Он не сразу понял, что взвалил на свои плечи. При жизни Станиславского труппа Художественного театра не превышала 35 - 40 человек - когда туда пришел Ефремов, в нем работало 180 артистов, и уставший от бездействия коллектив представлял собой огромный заржавевший механизм, части которого отказывались взаимодействовать друг с другом.
Он и здесь пробовал прошибить головой стену. Он писал бесконечные программы реформы театра. Но за 17 лет ему не удалось сократить ни одного человека: профсоюз стоял горой, и вместо заботы о новых постановках ему приходилось думать о том, чтобы ввести в старые спектакли вторые составы. Функции главного режиссера неуклонно скатывались к функциям заведующего собесом. Он, привыкший все делать сообща - в любви и понимании, должен был затыкать собою брешь в корабле, команда которого не признавала его капитаном. И он заткнул пробоину, не дал судну потонуть. Но сил, чтобы заставить этот большегруз сдвинуться с мертвой точки, ему не хватило.
ТЕАТР - ЭТО КОМПРОМИСС
ГОСПОДИ, если бы ему достало мудрости никуда не уходить из собственными руками построенного дома, из своего "Современника"! Все, что он умел, что хотел и мог делать, было уместно и органично на той сцене - и совершенно "не ко двору" в академическом театре. Ставка на современность, на "современниковских" авторов - Вампилова, Гельмана, Розова - была на мхатовской сцене обречена. Страшно неловко жилось на ней "Сталеварам", нескладно проходило "Заседание парткома". Как будто сами стены противились: "Это же все не о том, не о том!" А о том - не получалось.

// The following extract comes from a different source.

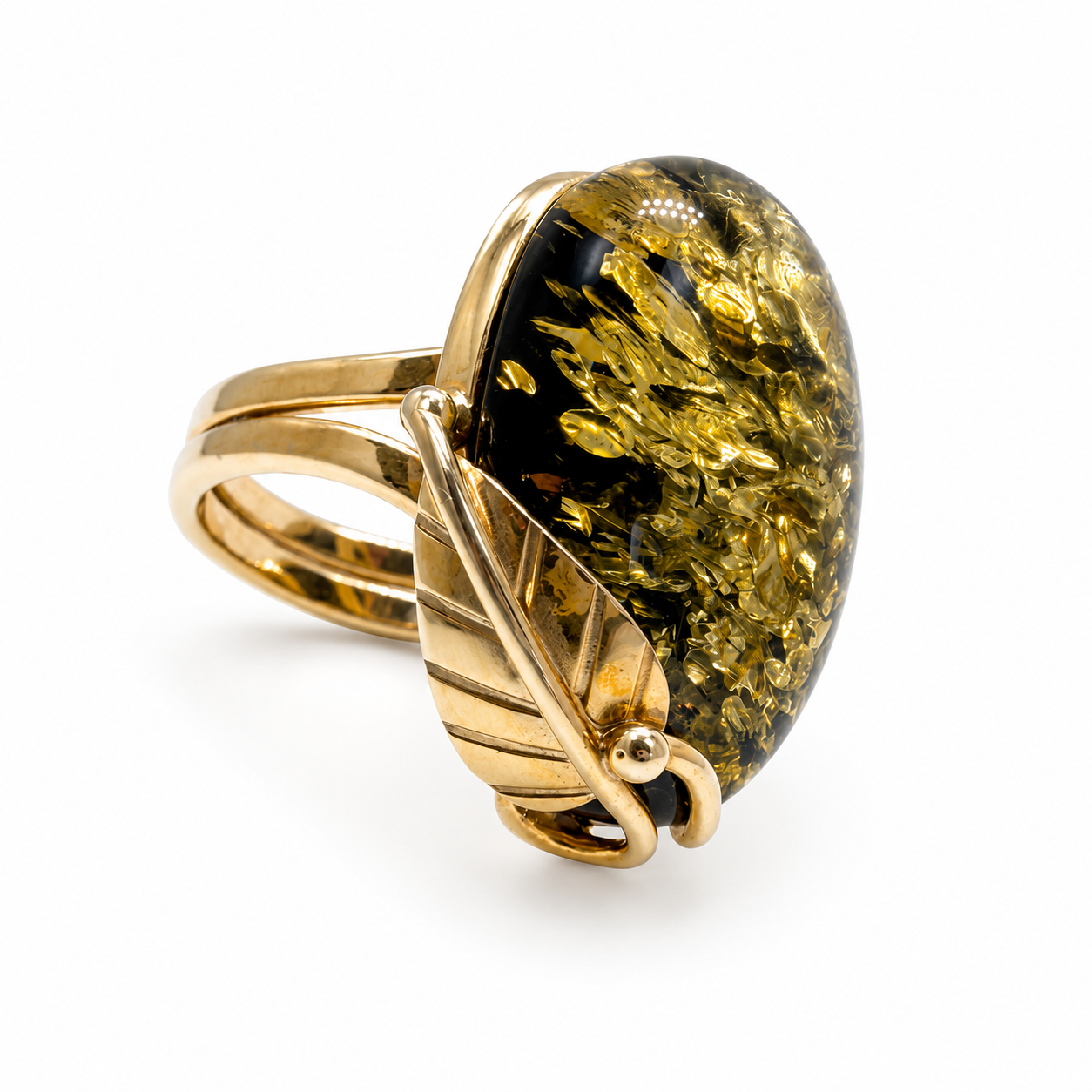 Sterling Silver Baltic Amber Ring Green Color Adjustable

Вожак театральной оппозиции, получив власть, не смог стать мудрым правителем. Он решил одним махом разрубить гордиев узел, разделив громоздкую труппу пополам. Он не нашел другого выхода - не предотвратил и не воспротивился разделу.

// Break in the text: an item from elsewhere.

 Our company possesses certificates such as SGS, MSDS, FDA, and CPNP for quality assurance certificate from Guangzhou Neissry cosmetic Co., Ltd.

...Через три года - столетие МХАТа, а от МХАТа осталось лишь два осколка былой славы: один в Камергерском переулке, другой - на Тверском бульваре. Один в руках Ефремова, другой - в руках Дорониной. Их сегодняшнее тактичное молчание по отношению друг к другу, их достойный друг с другом "развод" не может не вызывать уважения теперь, когда былые споры и склоки, взаимные претензии и обиды остались в прошлом. Семья разделилась и продолжила жизнь. А дом, в котором она родилась, - разрушен. Это на его руинах стоит теперь Олег Ефремов, прекрасно понимая, что именно ему не хватило мудрости и терпения его спасти. Он всегда рвался вперед и не умел идти на компромиссы. А театр, как сказал В. И. Немирович-Данченко, и есть компромисс.
* * *
Его об этом предупреждали. Виктор Сергеевич Розов, к которому он пришел за советом перед своим переходом во МХАТ, отговаривал: "Зачем вам МХАТ, когда у вас есть "Современник"? Вас же там съедят!" А Ефремову все было нипочем, он жил по принципу: "если не я, то кто же", думая, что может все. И поэтому, уходя от Розова, лишь головой тряхнул: "Знаю, что съедят. Но хочу попробовать".
Он тогда не знал, что "конь иногда сбивает седока". Он понял это через четверть века. В своем "Борисе" он в этом признался. И зал, аплодируя, отпустил ему грехи.